The file [honours_marks.csv](honours_marks.csv) contains the anonymised 3rd and 4th year marks of almost all Biological Science students awarded an Honours degree since academic year 2009/10. 

<div class="alert alert-danger">

Calculate the percentage of students who achieved a higher mark in their 4th year than in their 3rd year. (To check you've got the code correct, your answer should be 65.2%)

<br>
<br>
Hints: First use query() to return a DataFrame of students whose 4th year marks are greater than their 3rd year marks. Then find the number of rows in this DataFrame (using len(), see Notebook 18) and divide it by the number of rows in the full DataFrame.
</div>

## College student heights

Recall from the last notebook the living histogram of US female college students with the data in the file ['college_students.csv'](college_students.csv).

![](images/college_students.png)

Remember that if data are normally distributed then 68% of the data lie within one standard deviation of the mean and 95% of the data lie within two standard deviations of the mean.

We asked, are heights of college students normally distributed? To find out we did the following:
1. Calculate the mean and standard deviation of the heights.
2. From the data, find the proportion of students within one and two standard deviations of the mean.
3. If those proportions are roughly 68% and 95% respectively, then the data are likely to be normally distributed. 

We used the pandas methods `.mean()` and `.std()` to find the mean and standard deviation of the heights and then physically counted the number of students in the picture. This is clearly inefficient. But now you have learnt how to do the counting programmatically using the `.query()` method.

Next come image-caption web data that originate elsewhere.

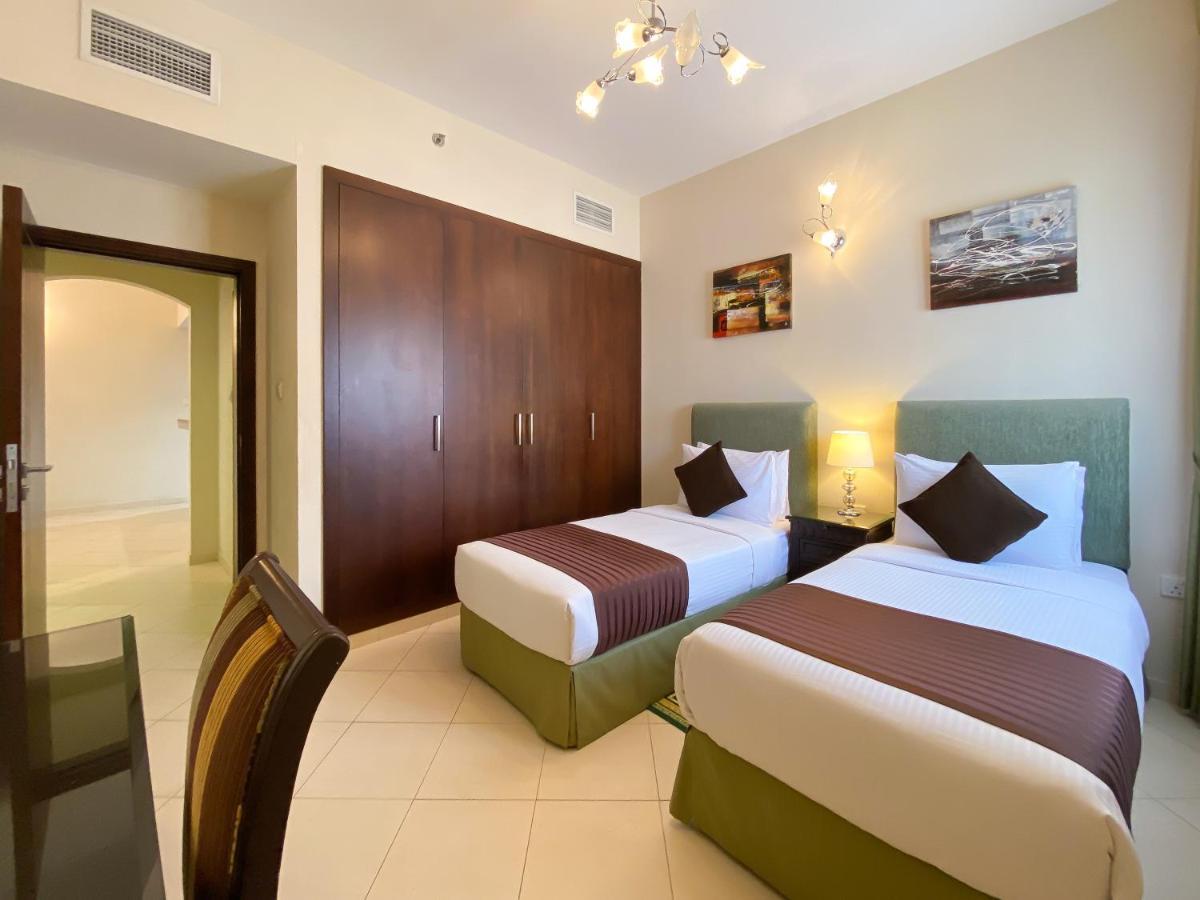 Auris Boutique Hotel Apartments, Al Barsha - At The Mall ดูไบ ภายนอก รูปภาพ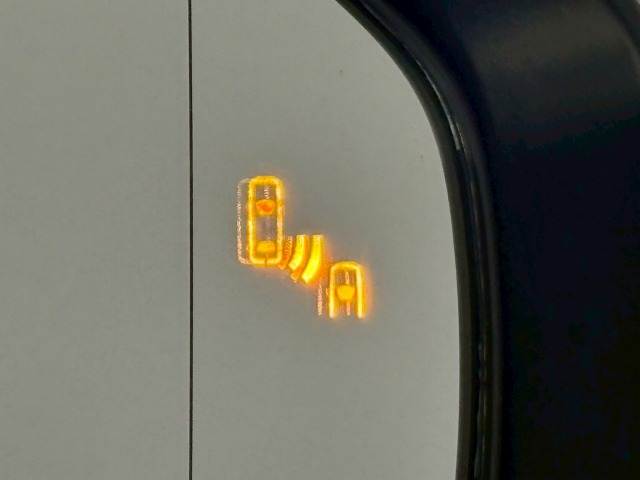 トヨタ&nbsp;クラウンクロスオーバーの画像6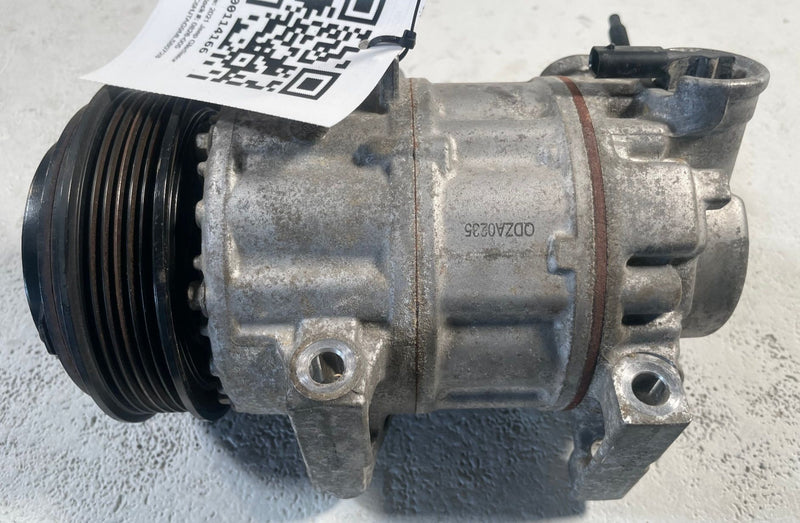 Load image into Gallery viewer, 2020 - 2026 JEEP GLADIATOR HVAC A/C AIR CONDITIONER COMPRESSOR 3.6L # 114166
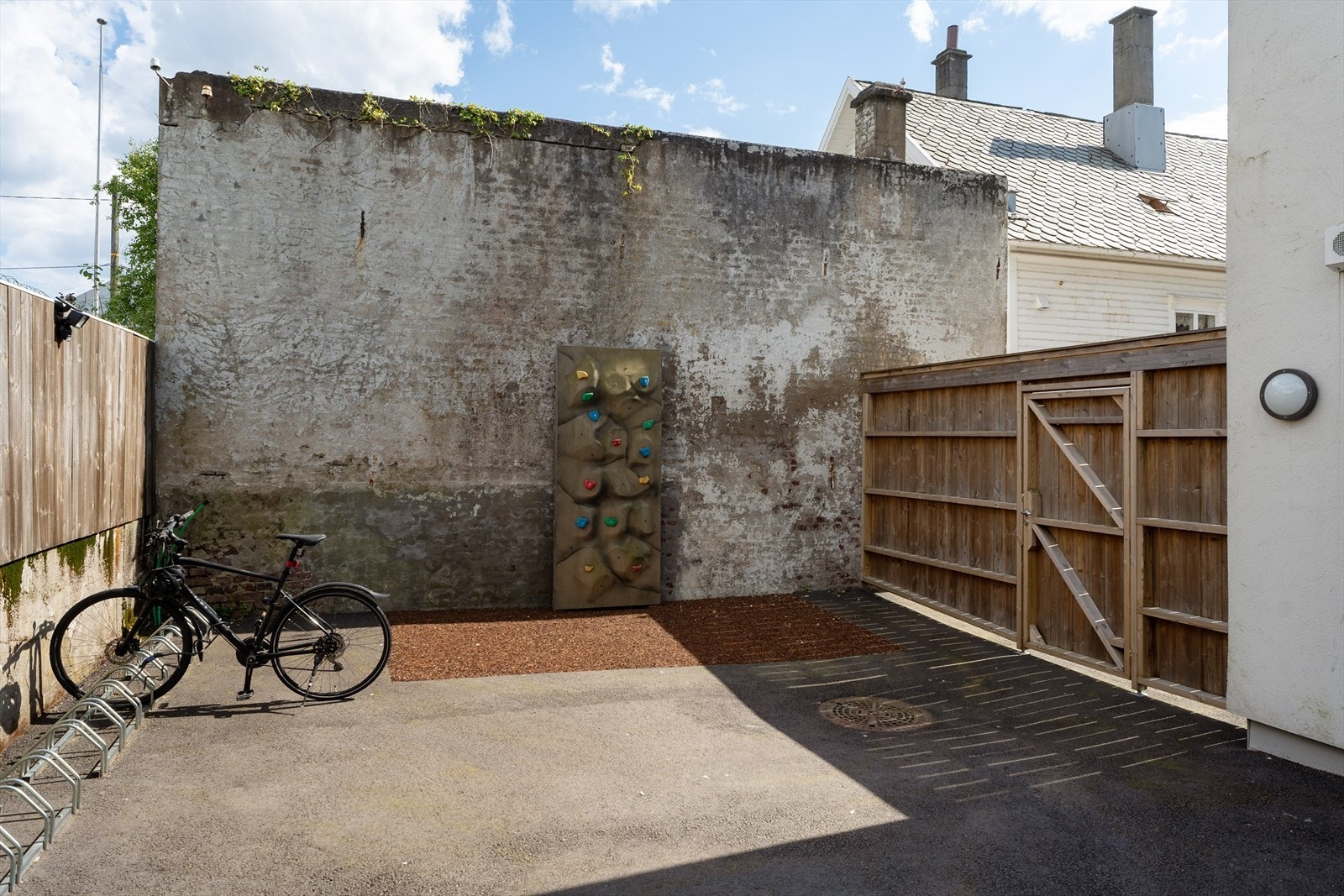 Felles sykkelparkering i bakgården. Galleribilde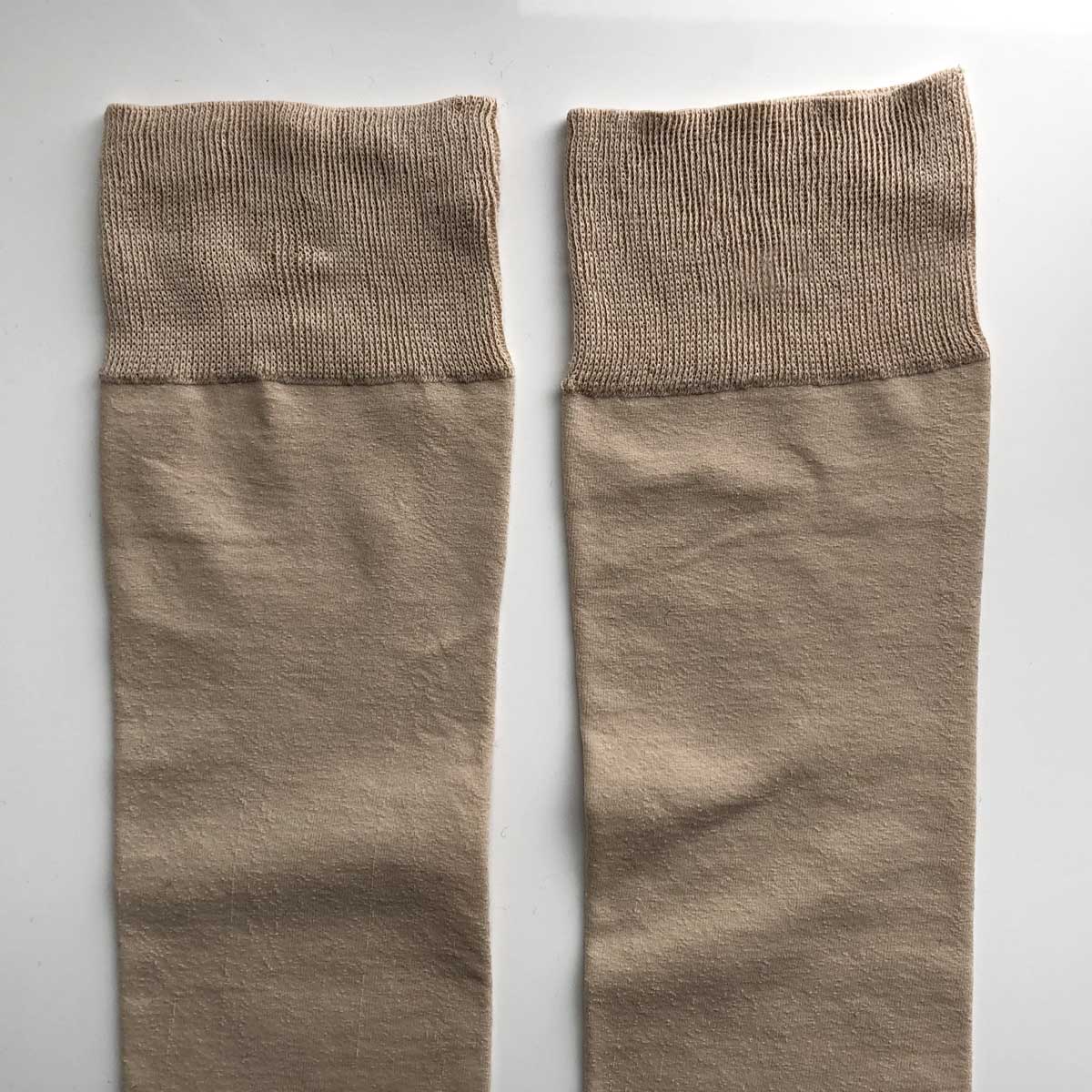 Ekstra tynne og finslige knestrømper i 82% bomull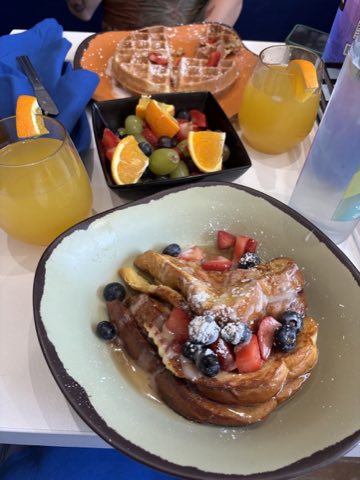 Augie's Breakfast Bar photo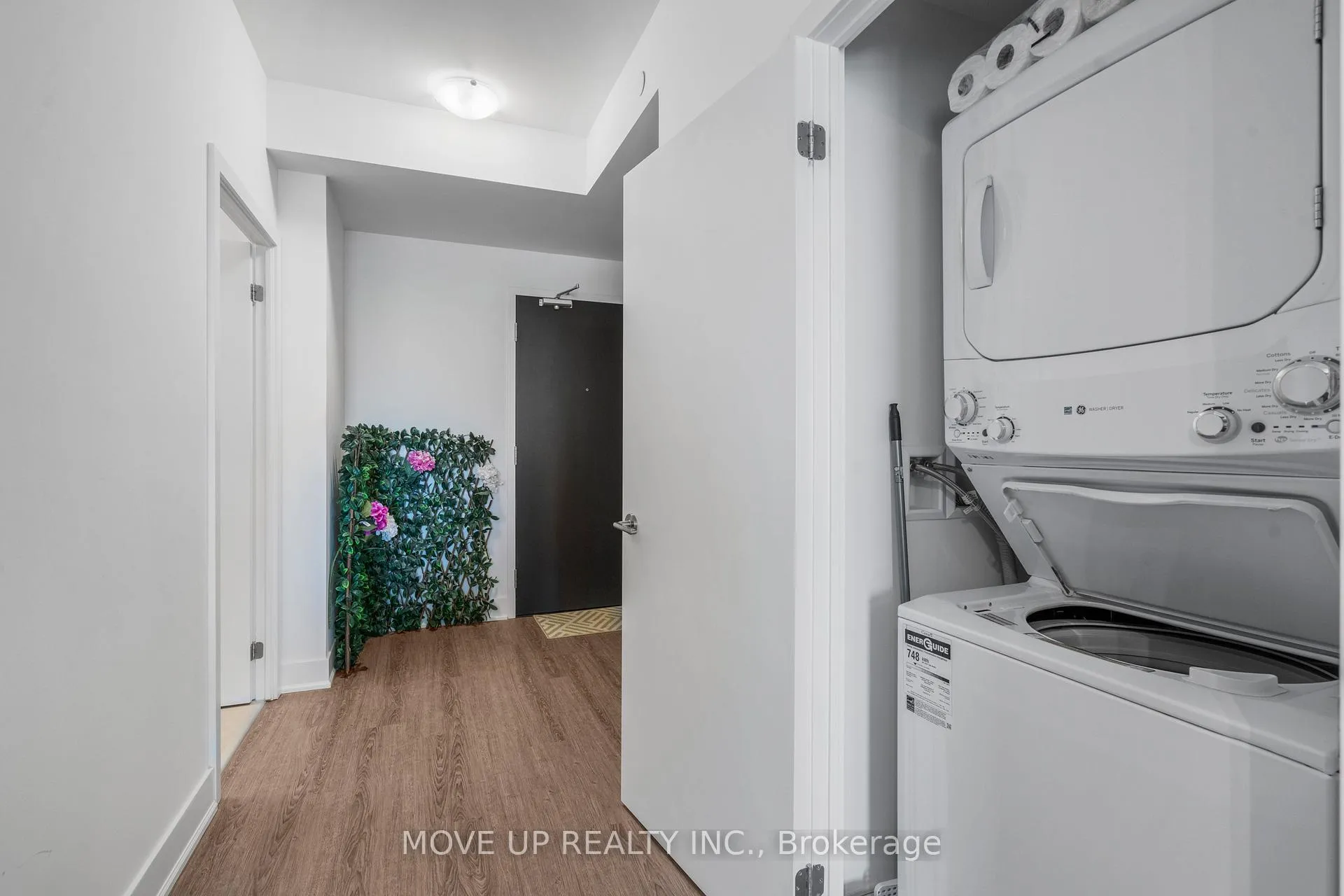 Photo 15 of Unit 310, 185 Deerfield Road, Newmarket, Central Newmarket — HOMEH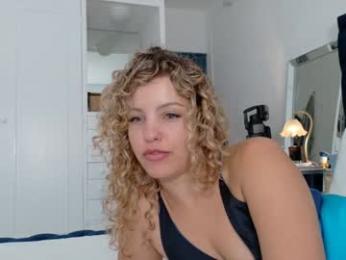 theislandgirl — Chaturbate recorded stream screenshot (26 Mar 2026)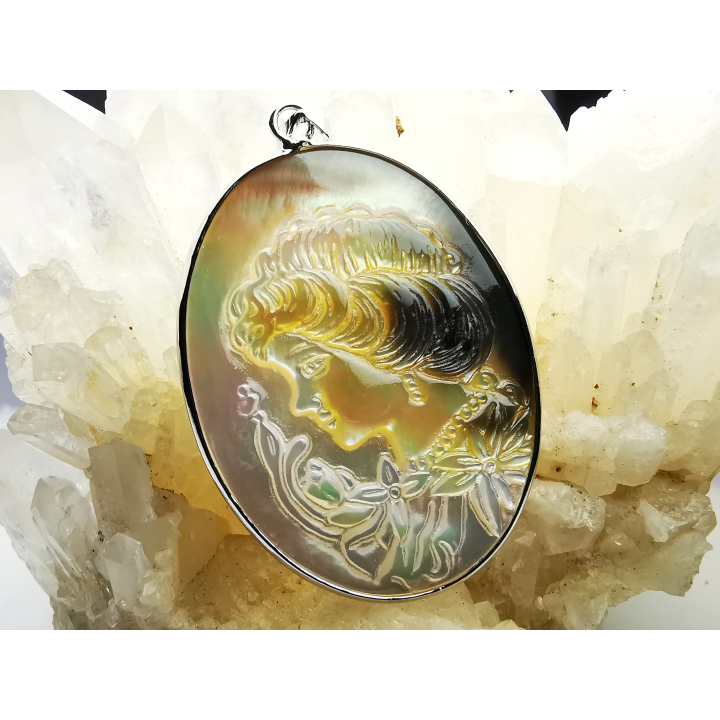 Pendentif : camée en NACRE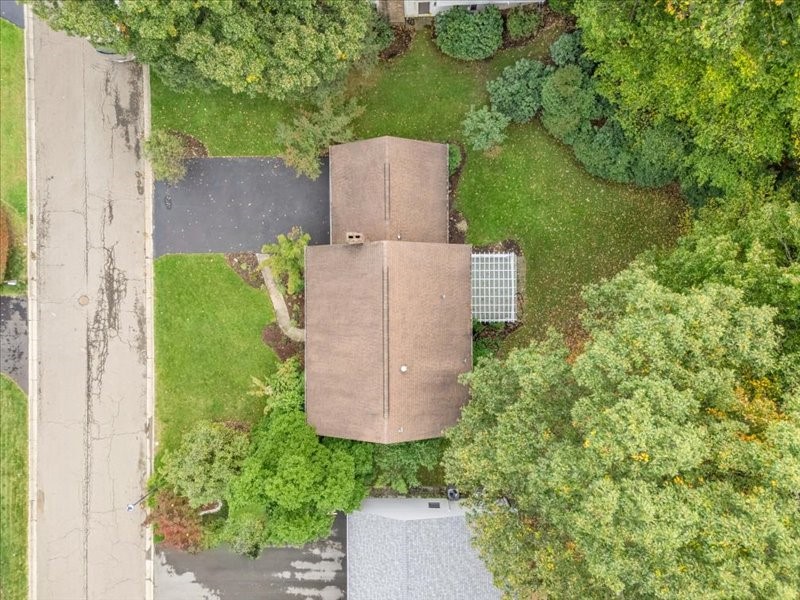 808 Stonehedge Drive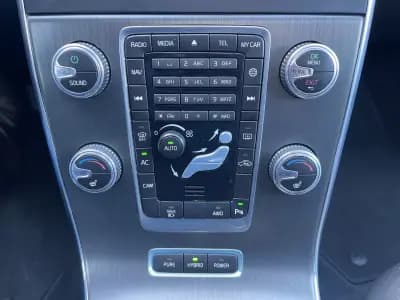 Sell Volvo V60 2015 - 14990 EUR, 184500 km - AUTO.MOTO.pt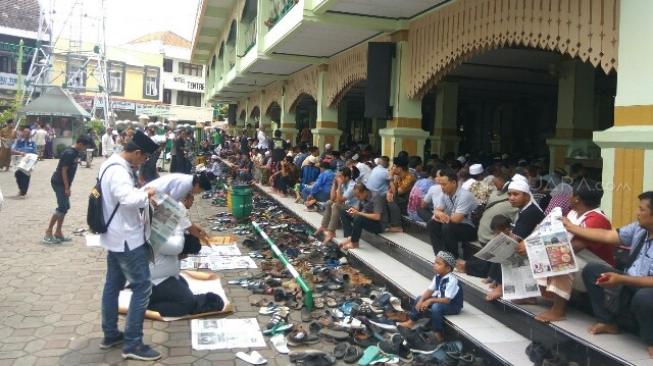 Jumatan di Masjid Kauman, Prabowo Sempat Diminta Pindah Saf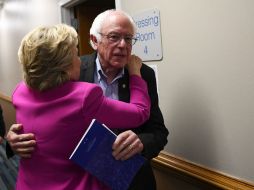 ¿Abrazo Forzado?. Hillary Clinton y su ex rival de partido, Bernie Sanders, en Raleigh, Carolina del Norte. AFP / J. Samad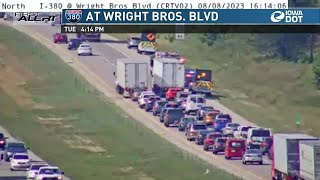 Traffic delay on I-380 following multi-vehicle crash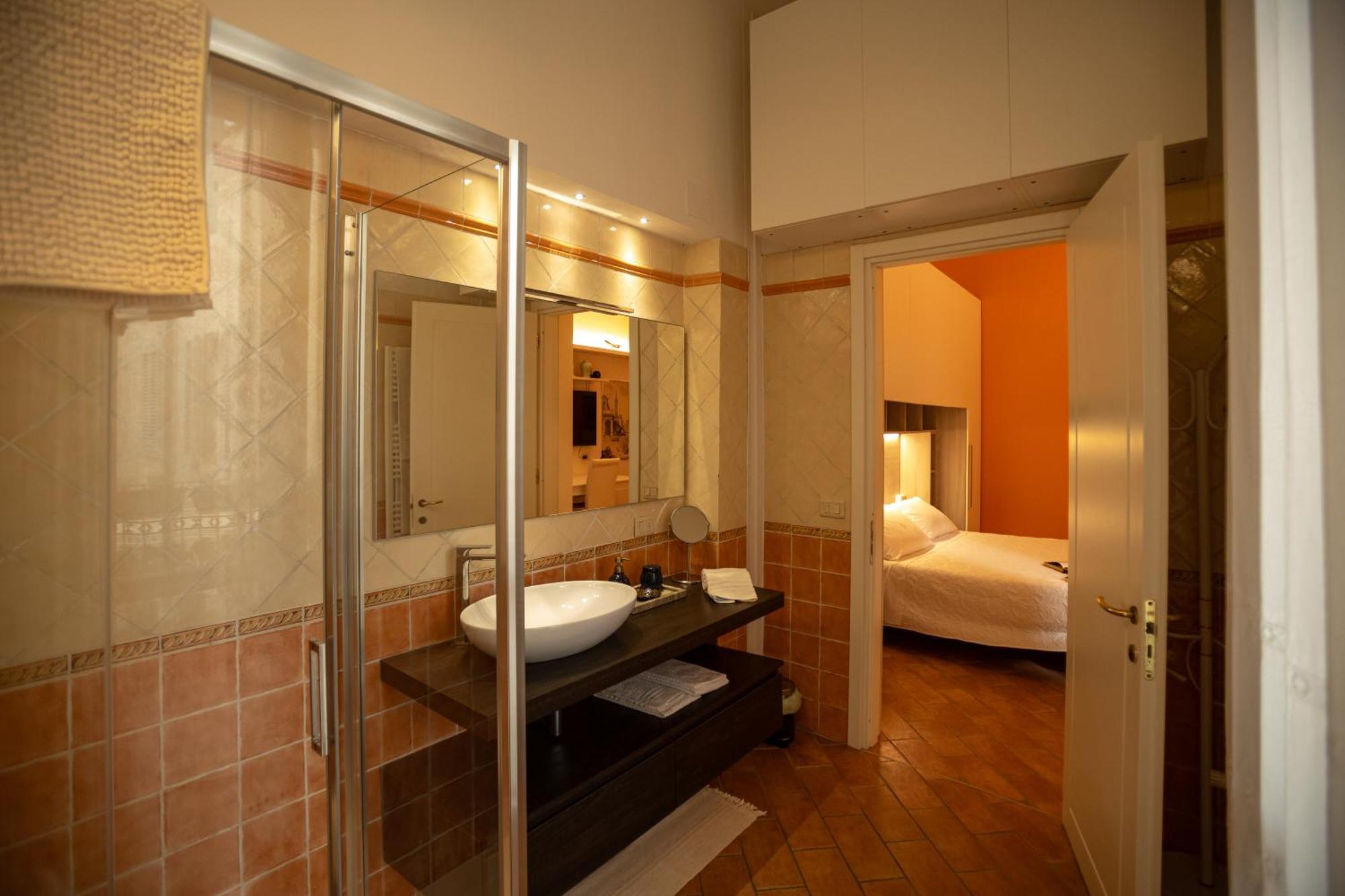 Indipendent With Terrace - Parking * Firenze
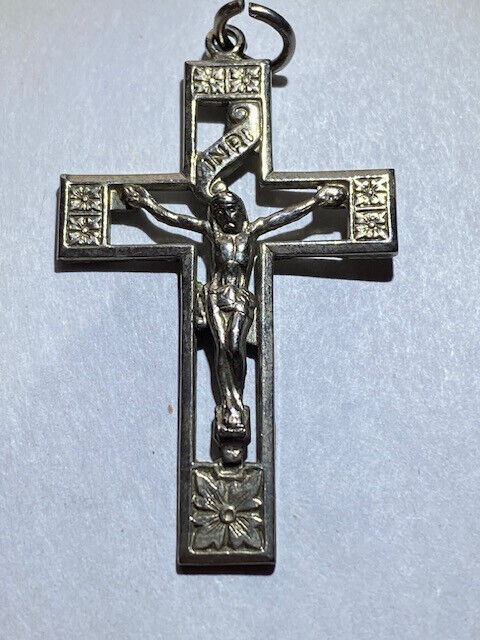 Lovely Vintage Cross Crucifix Pendant Charm *BNT541*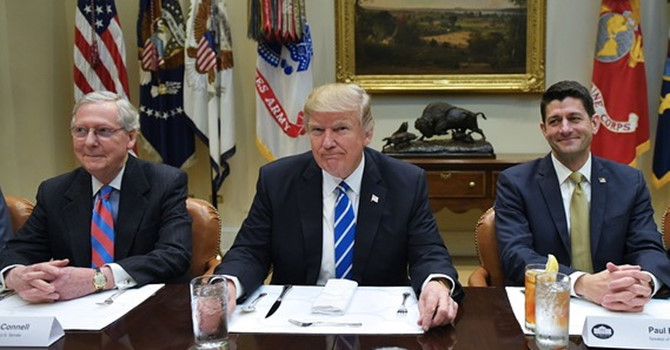 Tổng thống Trump gặp mặt lãnh đạo Đảng Cộng hòa sau khi dự luật thuế được thông qua. Ảnh: MANDEL NGAN/AFP/Getty Image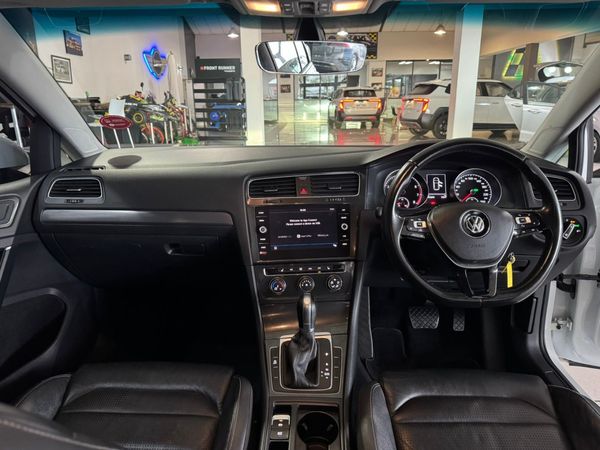 2018-Volkswagen-Golf-VII-14-TSI-Comfortline-Auto image:6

<div class="alert alert-danger">

* Using mean(), std(), query() and len(), (and without hard-coding numbers into query()) calculate the proportion of college students within one and two standard deviations of the mean height.
* Hence determine if student heights are normally distributed.
</div>
<br>

### References

Schluter D. (1988). The evolution of finch communities on islands and continents: Kenya vs. Galapagos. *Ecological Monographs* **58**:229-249.